Viskase Holdings, Inc., formerly known as Enzon Pharmaceuticals, Inc., reported a net loss of $6.7 million for the first quarter of 2026, a significant improvement from a net loss of $13.6 million in the same period of the previous year. The company's net sales decreased by 8.1% to $86.5 million, down from $94.2 million in the first quarter of 2025. This decline was primarily attributed to a decrease in sales volume, which accounted for approximately $13 million, although this was partially offset by a favorable foreign currency impact of $4.3 million and a positive product mix effect of $1 million.
The company's cost of sales also saw a reduction, decreasing by 2.8% to $77.5 million compared to $79.8 million in the prior year. This reduction in costs was mainly due to lower sales volumes resulting from temporary production capacity issues related to the company's restructuring plan. Consequently, Viskase's gross margin fell to $9 million, a decrease of 37.5% from $14.4 million in the previous year. Operating expenses were significantly lower, totaling $13.3 million, down from $28.8 million, largely due to the absence of asset impairment charges that had impacted the previous year's results.
In terms of strategic developments, Viskase completed a merger with Viskase Companies, Inc. on March 26, 2026, which resulted in the latter becoming a wholly owned subsidiary of Viskase Holdings. This merger was part of a broader strategy to enhance operational efficiencies and expand market presence. Following the merger, Viskase Holdings had approximately $40.8 million in cash, which is expected to support its operational needs and capital expenditures.
Operationally, Viskase's restructuring plan, which included the closure of its Osceola, Arkansas facility, has led to a reduction in employee headcount and associated costs. The company reported a restructuring expense of $0.4 million for the first quarter of 2026, a significant decrease from $4.7 million in the same period last year. The company is also focused on improving its production capabilities and reducing waste through ongoing capital investments.

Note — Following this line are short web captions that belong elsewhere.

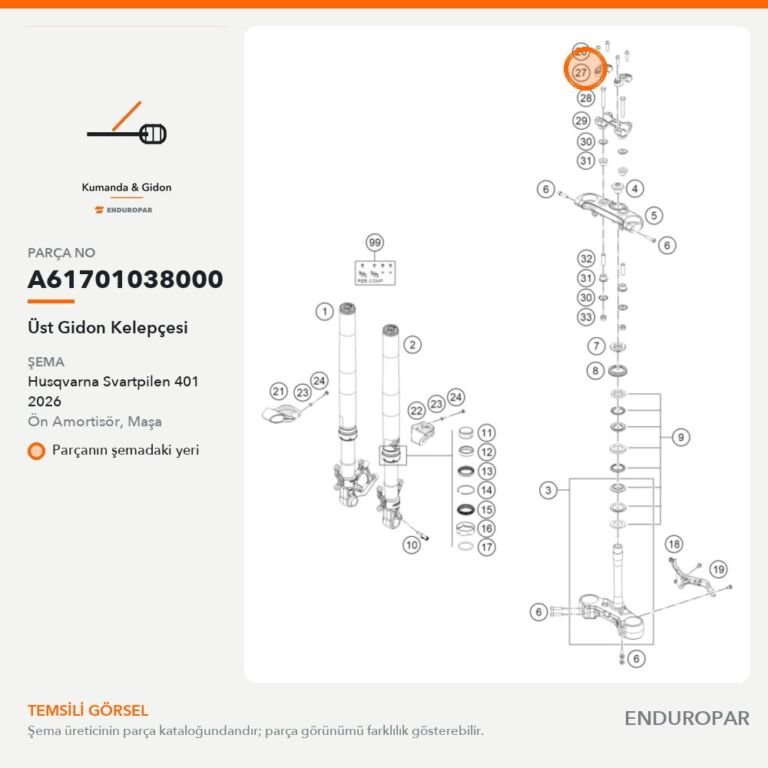 Üst Gidon Kelepçesi A61701038000 parça şeması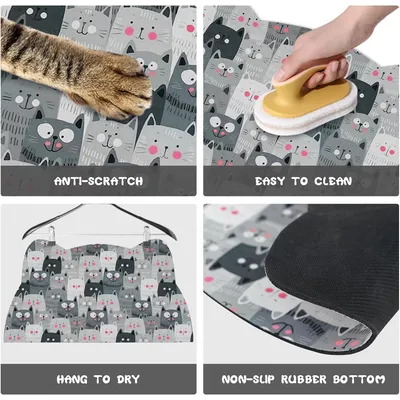 UAMLY Tapis pour bols de nourriture et d'eau pour chats(A)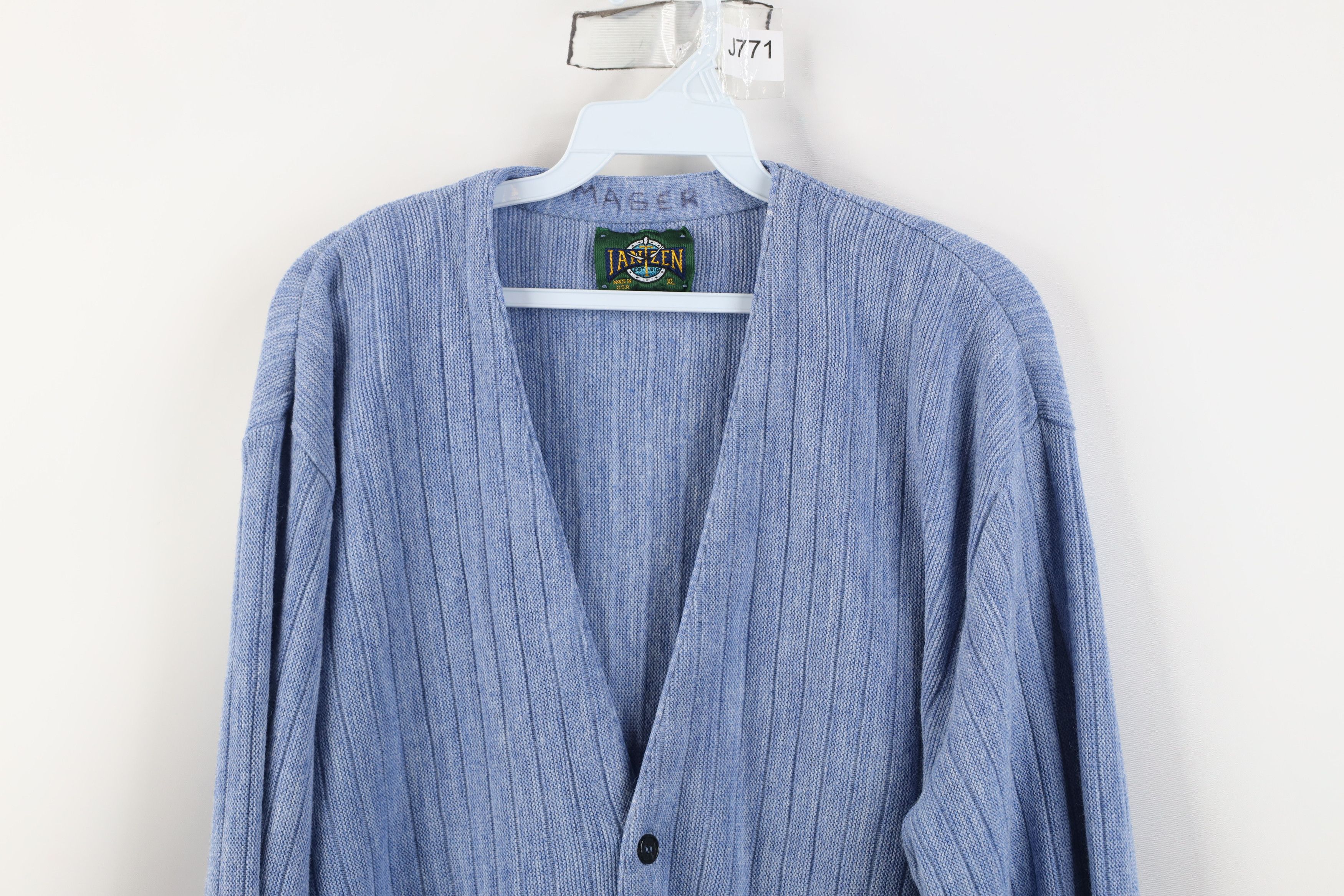 Vintage Vintage 70s Streetwear Ribbed Knit Cardigan Sweater Blue USA Size US XL / EU 56 / 4 - 2 Thumbnail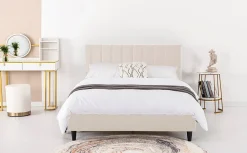 Lit 140x190 cm en velours beige - CAMBRIDGE>Concept Usine Outlet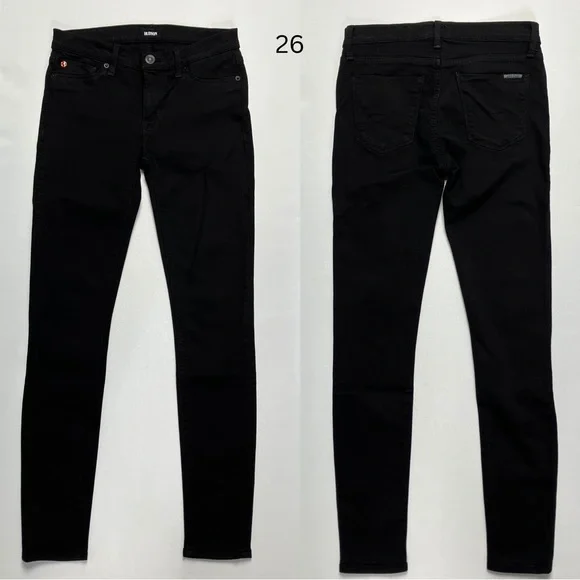 Hudson Jeans Nico Midrise Super Skinny Black Denim Size 24 25 26 - Picture 2 of 11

Looking ahead, Viskase's management expressed confidence in its ability to refinance its Senior Credit Facility, which is due to mature in August 2027. However, there remains uncertainty regarding the company's ability to secure sufficient funds for refinancing on favorable terms. The company is closely monitoring macroeconomic conditions, including inflation and supply chain disruptions, which could impact its operations and financial performance in the future.
About ENZON PHARMACEUTICALS, INC.
Enzon Pharmaceuticals, Inc. is a biopharmaceutical company positioned as an acquisition vehicle, focusing on acquiring businesses or assets to utilize its net operating loss carryforwards (NOLs). It primarily generates revenue through licensing, royalties, and milestone payments from proprietary drug technologies, with limited or no current operations. The company emphasizes strategic acquisitions, royalty streams, and tax assets to enhance shareholder value.